May 7, 2019 by Holy Name Monastery Leave a Comment

PRAYER: “I know that God won’t give me anything I can’t handle.  I just wish He didn’t trust me so much.”  (Saint Teresa of Calcutta)

 

This past Thursday our nation celebrated the National Day of Prayer.  The Bill for the observance was initiated by Conrad Hilton, (founder of Hilton hotels) and was signed into law in April 1952 by President Truman.  Here’s an interest note: the president of the U.S. is required by law to sign a proclamation each year, encouraging all Americans to pray on the first Thursday in May.

Thinking about “prayer” – (but not directly connecting it to the Gospel just read) I find it curious that the disciples ask Jesus to teach them to pray “just as John taught his disciples.”  They wanted the words, didn’t they, for certainly Jesus had given them an example of prayer.  He had modeled time alone, told them to “go to your room and pray,” raised his eyes, hands and voice in intercessory prayer before miraculous healings.  But they, like we, wanted “the words to say.”  We forget sometimes that when we descend into our hearts in silent waiting that it is there we meet the Spirit who is already praying within us.

We look for “words,” don’t we … in a prayer book, on a holy card, in the life of a saint ….  We look for a guide, a director, a mentor.  I don’t mean to belittle the worthwhile role these companions play in our lives which is often critical to our spiritual growth and our salvation.  We just need to keep in mind, and really believe, the tremendous role that Scripture plays in our lives.  Jesus promised: “The Spirit of Truth will show you all things.”  St.

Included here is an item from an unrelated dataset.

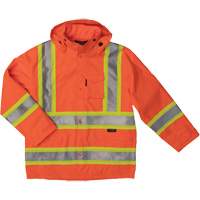 Ripstop Safety Rain Jacket, Polyester, X-Small, High Visibility Orange St. Lawrence Industrial & Safety Supply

Paul reminds us: “If you do these things you can be saved: be joyful at all times, pray without ceasing and give thanks for all things.”

Let’s look for a few minutes at the shortened version of what we call the “Lord’s Prayer.”  In it we pray “give us each day” EACH DAY – not a train load of blessings to last us all year – just today’s help, Lord, that’s all I am asking … not even tomorrow’s help … just get me through today – I trust you will be there tomorrow – even when I feel like Mother Teresa once prayed: “I KNOW GOD WON’T GIVE ME ANYTHING I CAN’T HANDLE …  I JUST WISH HE DIDN’T TRUST ME SO MUCH.”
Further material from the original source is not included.